§ **HOW TO COMPLETE THIS TASK**:
In the data below, find the line containing "Hey everybody, this" and the line containing "If you want", then reproduce them and every line between, exactly. Omit pictures.

§ **Dataset entries**:
□ □ □
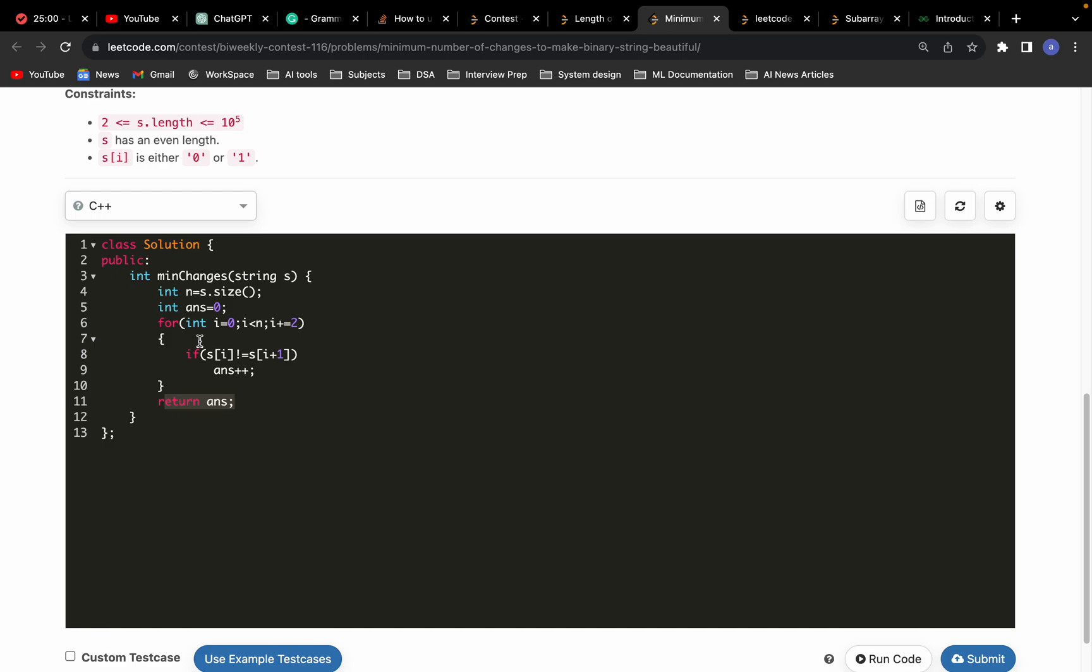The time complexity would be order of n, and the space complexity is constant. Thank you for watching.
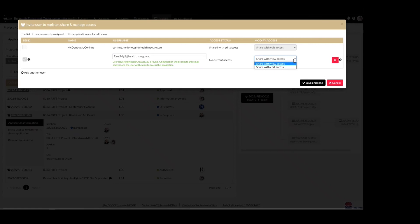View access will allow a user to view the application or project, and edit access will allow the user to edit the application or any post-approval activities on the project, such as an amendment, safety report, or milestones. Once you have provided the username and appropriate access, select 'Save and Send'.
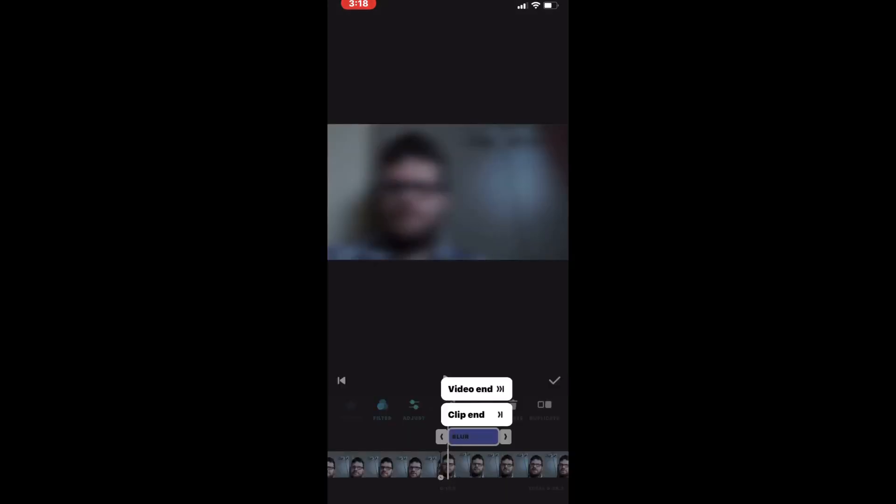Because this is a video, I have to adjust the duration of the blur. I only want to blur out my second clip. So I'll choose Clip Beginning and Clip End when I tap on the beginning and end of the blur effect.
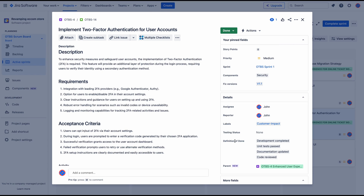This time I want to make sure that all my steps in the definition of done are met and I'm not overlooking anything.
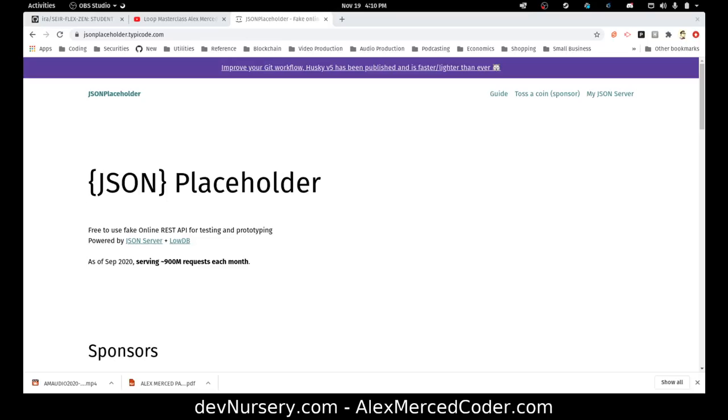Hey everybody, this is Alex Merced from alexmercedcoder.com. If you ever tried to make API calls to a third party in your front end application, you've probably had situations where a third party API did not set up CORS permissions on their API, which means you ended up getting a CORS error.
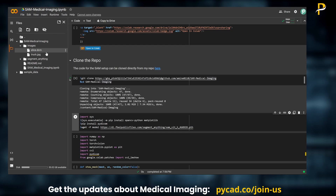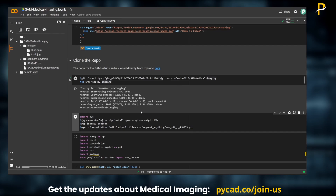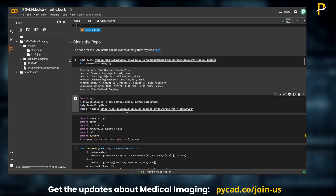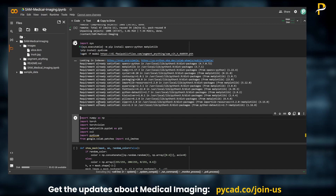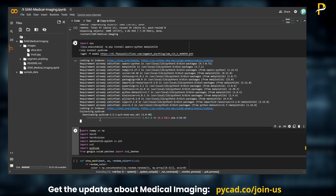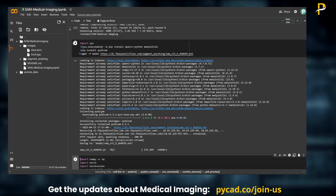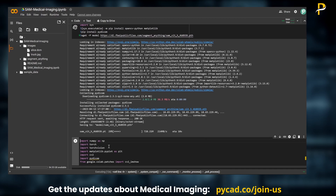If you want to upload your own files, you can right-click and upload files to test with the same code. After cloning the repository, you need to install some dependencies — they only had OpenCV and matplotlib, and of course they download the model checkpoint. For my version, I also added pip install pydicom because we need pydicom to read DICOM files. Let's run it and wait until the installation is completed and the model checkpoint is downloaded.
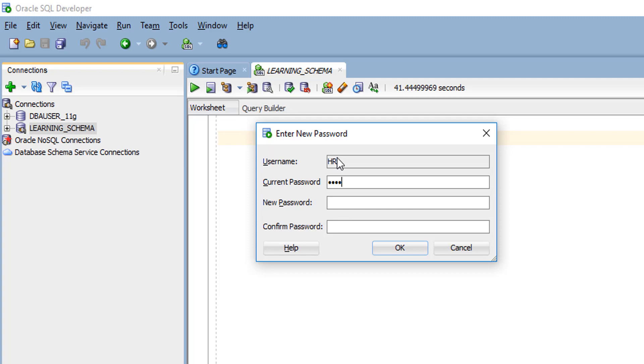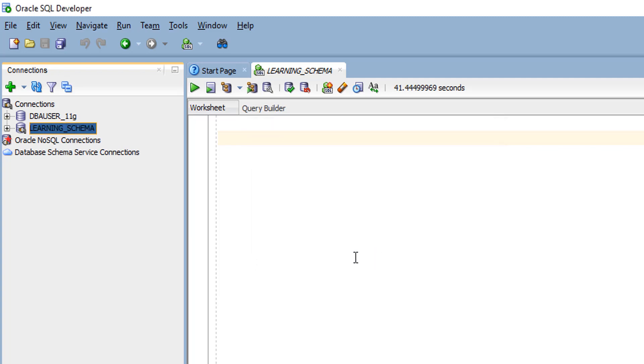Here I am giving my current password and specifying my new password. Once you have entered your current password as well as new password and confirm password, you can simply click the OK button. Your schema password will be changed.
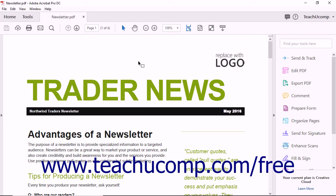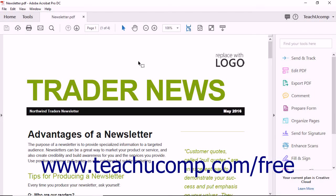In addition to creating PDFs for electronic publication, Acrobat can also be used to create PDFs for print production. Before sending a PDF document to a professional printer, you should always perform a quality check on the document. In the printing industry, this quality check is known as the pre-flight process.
□ □ □
§ **RESULT**:
Hey everybody, this is Alex Merced from alexmercedcoder.com. If you ever tried to make API calls to a third party in your front end application, you've probably had situations where a third party API did not set up CORS permissions on their API, which means you ended up getting a CORS error.
If you want to upload your own files, you can right-click and upload files to test with the same code. After cloning the repository, you need to install some dependencies — they only had OpenCV and matplotlib, and of course they download the model checkpoint. For my version, I also added pip install pydicom because we need pydicom to read DICOM files. Let's run it and wait until the installation is completed and the model checkpoint is downloaded.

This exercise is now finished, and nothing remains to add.